MAM
How to Compare Best Health Insurance Policies Using Online Tools
When you choose a health insurance plan or renew an existing one, how do you determine that it’s the right one for you? You might rely on an agent’s advice or ask a family member or friend. But are these insurance policies truly the right fit for you?
A health insurance premium calculator can help you choose the best health insurance plan for your needs. It can show you which plans cover hospitals near you, which ones offer maternity coverage, and which ones won’t break the bank. So, using this tool correctly can be very helpful, but you need to know how to use it effectively. Let’s see how to do that.
Why Comparing Health Insurance Online is Smarter?
Back in the day, if you wanted medical insurance, you had to meet agents, read brochures full of technical words, and then hope you didn’t miss a hidden clause. Today, you can sit on your couch, open your laptop, and see ten different health insurance plans lined up like products in an online store. So, why is this better? Because:
● You don’t rely only on what an agent tells you.
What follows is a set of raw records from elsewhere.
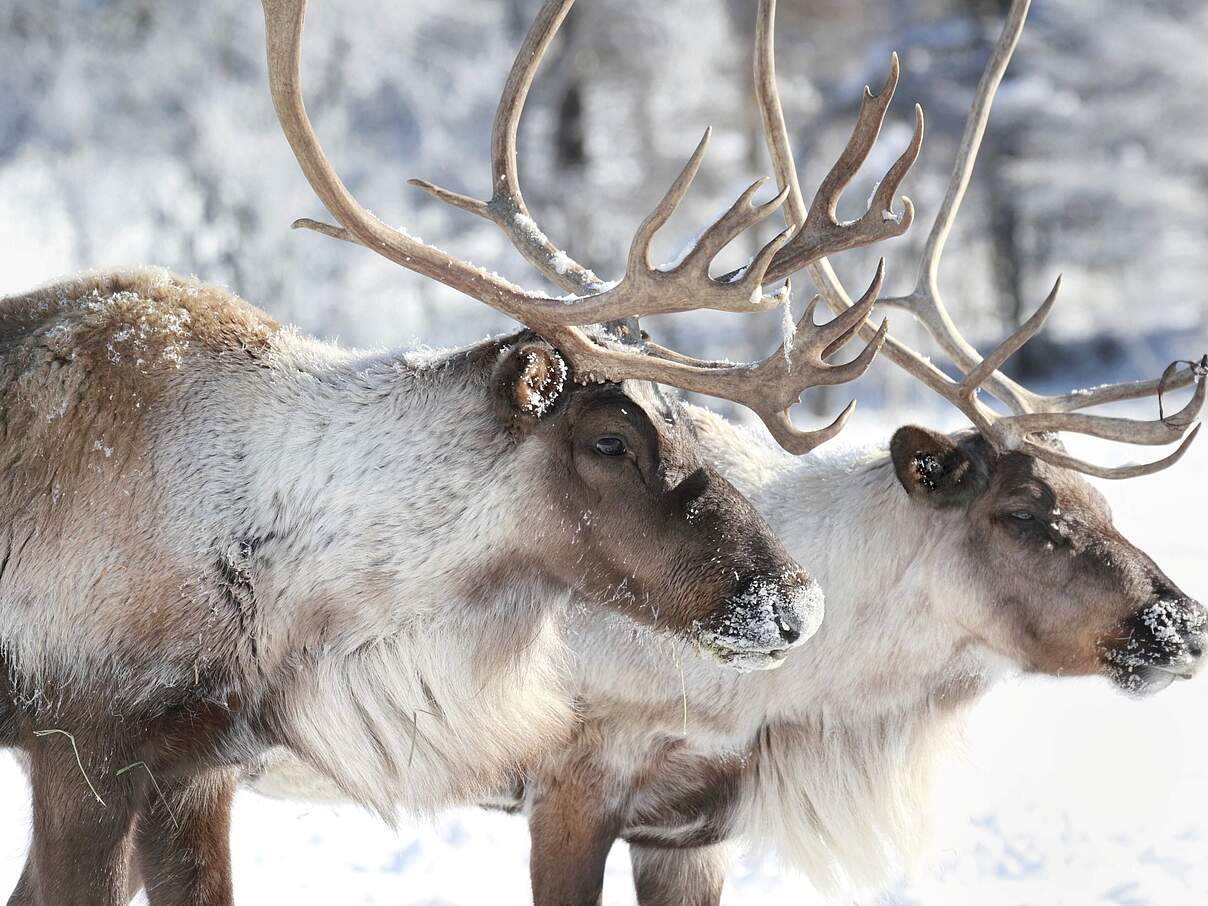 Rentiere © iStock / Getty Images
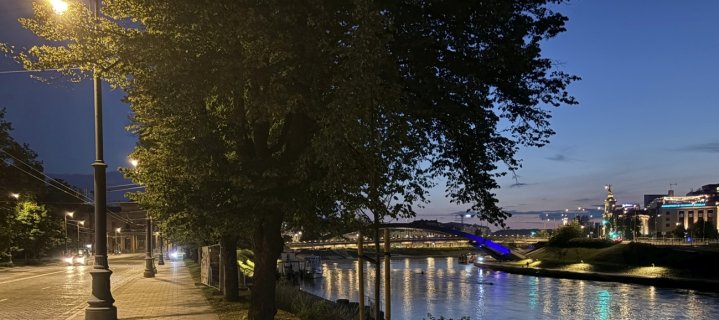 naktinis vilnius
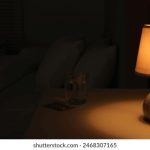 畅享小熊影视下载,海量影视资源随心看 sn3yi3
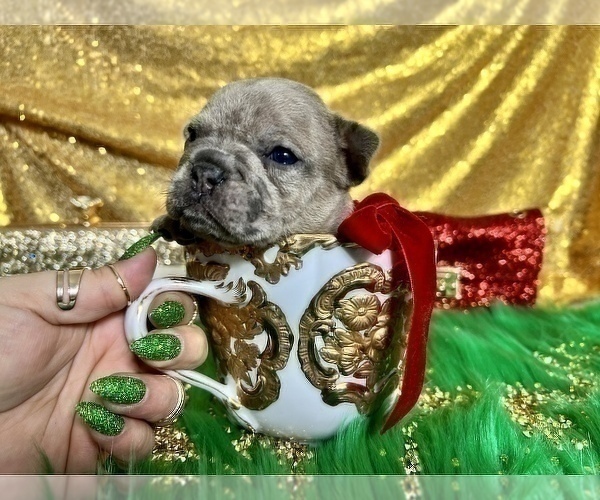 Medium Photo #107 French Bulldog Puppy For Sale in HAYWARD, CA, USA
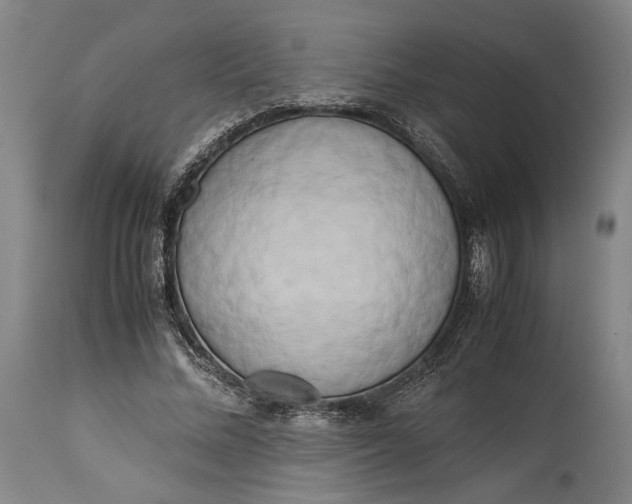 X0000115300684200911161658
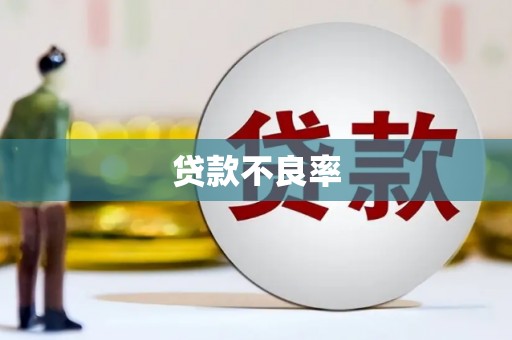 玛家贷款不良率
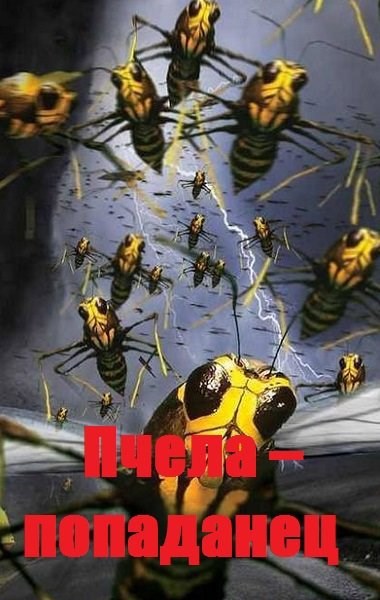 Пчела попаданец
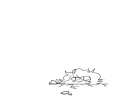 bones.png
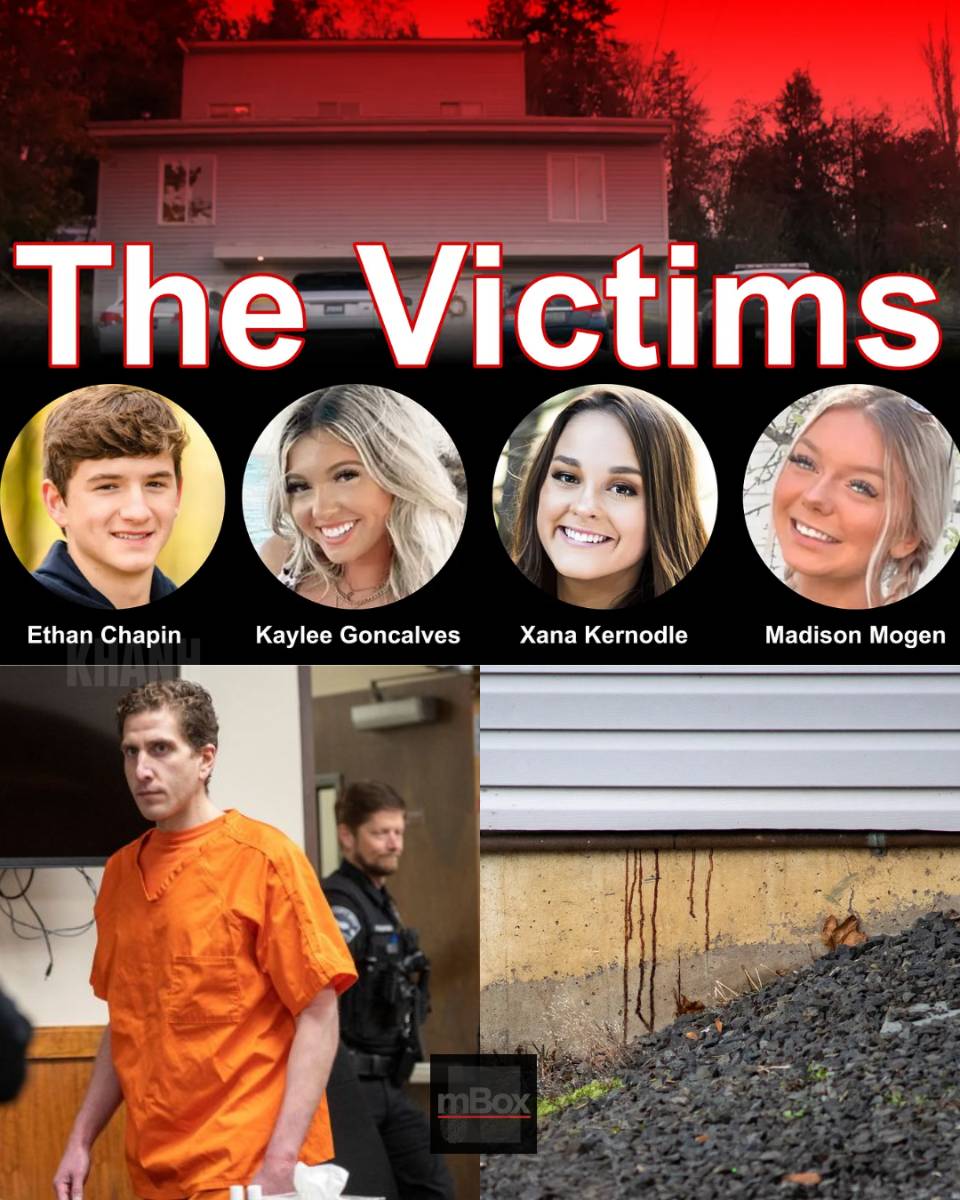 What drove the Idaho suspect? As new details emerge, experts warn of a disturbing internet underbelly that may have fueled the tragedy.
● You can compare premiums and benefits side by side.
● You see exclusions clearly instead of in fine print.
It’s just like shopping online or booking a hotel. Nobody calls ten airlines anymore, although we check online. Health insurance should work the same way.
What Really Matters While Comparing Plans
The truth is that not every shiny feature matters. A good policy is one that actually protects you when something goes wrong. While browsing online tools, you should be focused on:
● Coverage (Sum Insured): Does it cover realistic hospital bills in your city?
● Cashless hospitals: If your go-to hospital isn’t on the list, it’s a headache later.
● Claim settlement ratio: Higher numbers mean fewer claim rejections.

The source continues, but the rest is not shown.